Ketum Dewan Persusuan Nasional Teguh Boediyana pun pesimis. Dia memperkirakan dalam jangka pendek, penting untuk memperbaiki manajemen peternakan sapi perah, serta menambah jumlah populasinya. Dengan begitu, produktivitas susu nasional membaik secara bertahap, paling tidak per ekor sapi dapat menghasilkan susu rata-rata 15 liter.

Di satu sisi, Andreas Kangga Lee optimis swasembada susu atau kemandirian susu nasional bisa tercapai. Dengan kata lain, Indonesia tak perlu lagi impor dari luar negeri untuk memenuhi kebutuhan susu domestik, karena sudah siap sedia dari peternak dalam negeri.

Namun pertanyaannya, kapan? Menurut Andreas, pemerintah perlu membenahi masalah peternakan sapi perah seperti yang diuraikan di atas satu per satu. Seperti komoditas lain, susu segar dalam negeri perlu menjadi perhatian pemerintah.

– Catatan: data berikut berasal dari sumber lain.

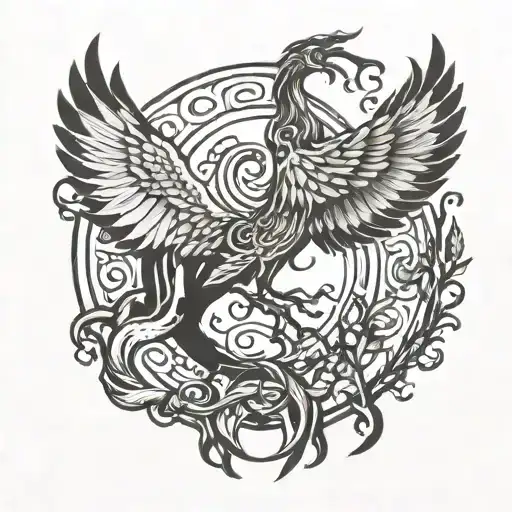 Aries, phoenix tree of life infinity immortal rebirth  tattoo design idea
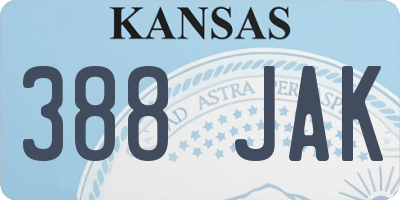 KS license plate 388JAK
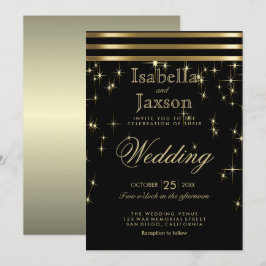 Svart och Guld-stjärnor med Pub Inbjudningar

Kalau masih minim atensi, ekosistem peternakan tak dibenahi, impor susu untuk memenuhi kebutuhan masyarakat menjadi keniscayaan.  

"Saya yakin pasti bisa (swasembada susu), cuma butuh perhatian dari pemerintah. Petani, peternak, kalau diperhatikan pemerintah, dikasih bibit baik, pupuk yang baik, semua juga akan maju. Kita pangkas juga semua middleman atau tengkulak-tengkulak itu," ucap Andreas.